00000 Xxxxxx Xxxxx Xxxx
Xxxxx 000
Xxxxxxx, Xxxxxxxx 00000
Gentlemen:
Xxxxx.xxx, Inc., a Florida corporation (the "Company"), has executed
and delivered to ____________________("___"), a promissory note (the "Note") of
even date herewith in the original principal amount of $___________. In
connection with the Note, the Company has agreed to issue to _____ 703,425
shares (the "Shares") of the common stock, par value $.001 per share ("Common
Stock"), of the Company for a purchase price of $.01 per share.
In connection therewith, _____ hereby represents and warrants to the
Company and agrees as follows:
(1) The Note and the Shares are being acquired solely for the
account of _____;
(2) No sale, distribution, transfer or other disposition of the
Note or the Shares will be made, unless and until, either (i)

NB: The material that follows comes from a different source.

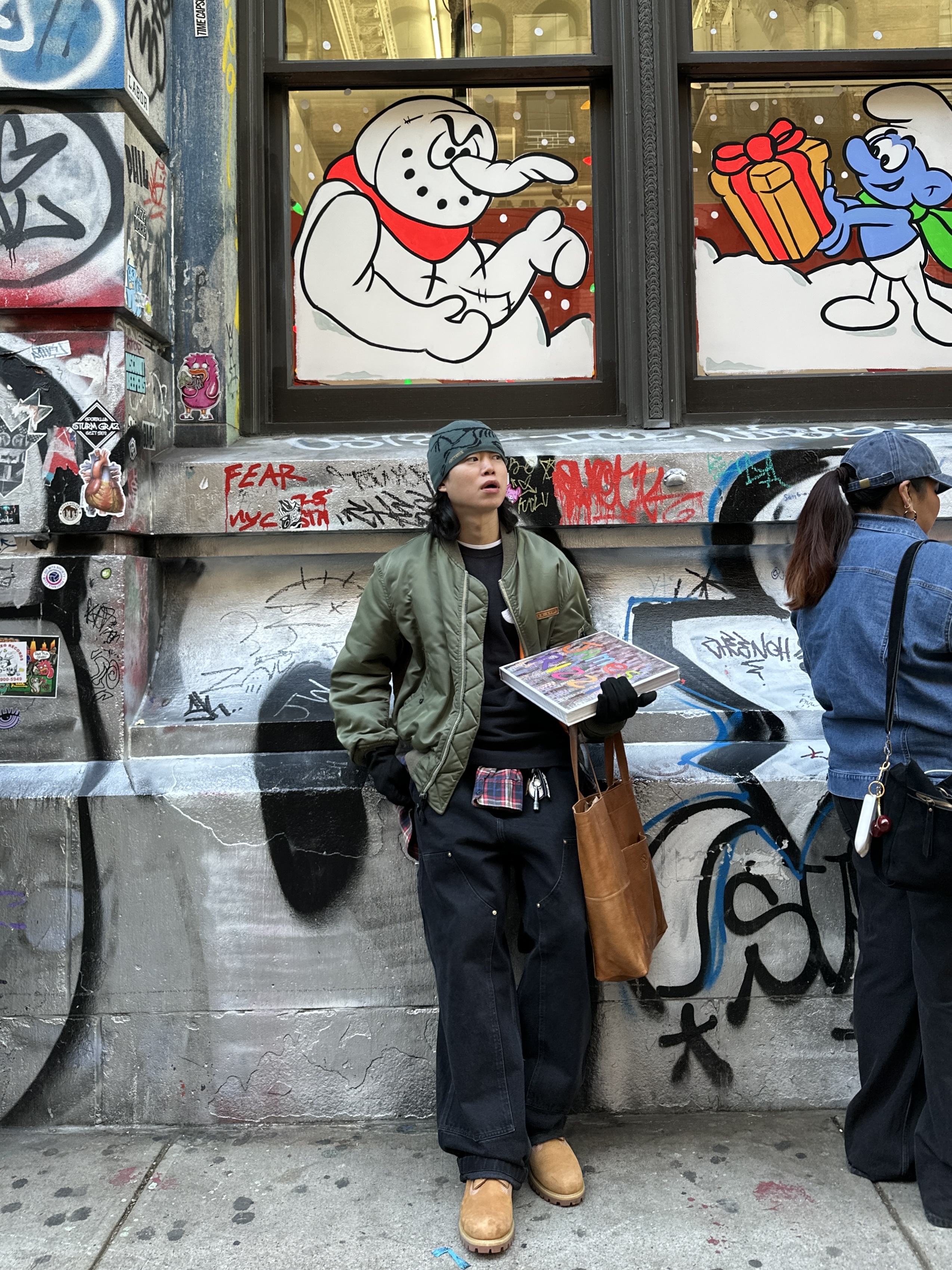 Arc'teryx Bird Head Toque Dark Magic, Carhartt WIP Nash Loose Fit Double Knee Pants Black Stone Washed 착용 스타일 - 2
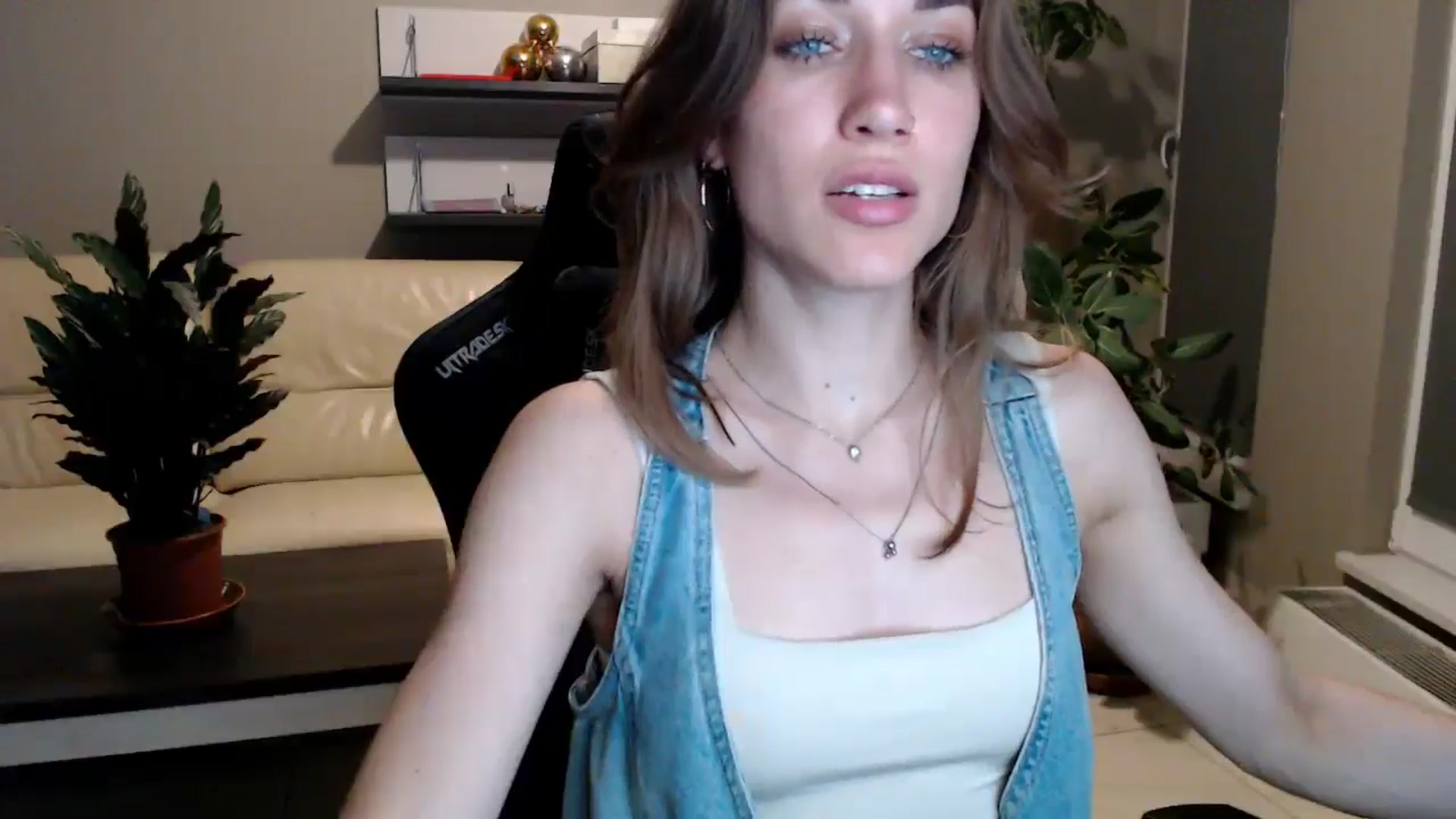 Gallery image thumbnail from GalaxyAnisia's myfreecams stream on, 06/02/2025, 21:25 image 4 of 20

the Note and/or the Shares have been duly and effectively
registered or qualified for resale under the Securities Act of
1933, as amended (the "Securities Act"), and under any
applicable state securities laws; or (ii) an exemption from
such registration or qualification is available, in the
opinion of counsel satisfactory to the Company, with respect
to any such proposed sale or disposition;
(3) The Company may place and make appropriate notations in its
record books against the transfer of the Note and the Shares;
(4) A restrictive legend may be placed on any certificates
representing the Note or the Shares, such restrictive legend
to state that the Note and the Shares have not been registered
under the Securities Act or any other applicable securities
law and may only be transferred in accordance with this
letter; and
(5) The Company may take any other actions which it deems
necessary to prevent any violations of the Securities Act or
any other securities law by reason of the delivery of the Note
or the Shares hereunder or any subsequent transaction with
respect to the Note or the Shares.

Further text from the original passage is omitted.